[DO NOT PUBLISH]
IN THE UNITED STATES COURT OF APPEALS
FOR THE ELEVENTH CIRCUIT
________________________ FILED
U.S. COURT OF APPEALS
No. 09-10695 ELEVENTH CIRCUIT
OCTOBER 2, 2009
Non-Argument Calendar
THOMAS K. KAHN
________________________
CLERK
D. C. Docket No. 04-02831-CV-2-IPJ
SUSAN KEITH,
Plaintiff-Appellant,
versus
THE PRUDENTIAL INSURANCE COMPANY OF AMERICA,
d.b.a. Prudential Financial,
Defendant-Appellee.
________________________
Appeal from the United States District Court
for the Northern District of Alabama
_________________________
(October 2, 2009)
Before MARCUS, WILSON and ANDERSON, Circuit Judges.
PER CURIAM:
This case comes before us a third time. Susan Keith again appeals the
district court’s decision ruling in favor of the defendant Prudential Insurance
Company of America (“Prudential”) in Keith’s action for long-term disability
benefits. The background facts are detailed in our first opinion remanding this
case.
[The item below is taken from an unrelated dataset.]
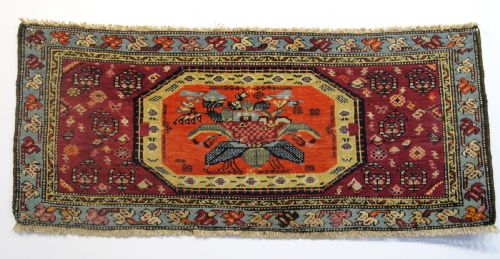 Unusual Caucasian Wool Rug, 46cm X 112cm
See Keith v. Prudential Ins. Co. of Am., 256 F. App’x 347 (11th Cir. 2007)
(“Keith I”). On October 23, 2008, we remanded Keith’s case a second time for the
district court to consider her claim as to steps three and six with the benefit of our
decisions in Oliver v. Coca Cola Co., 497 F.3d 1181, vacated in part on petition
for reh’g, 506 F.3d 1316 (11th Cir. 2007), and Doyle v. Liberty Life Assurance Co.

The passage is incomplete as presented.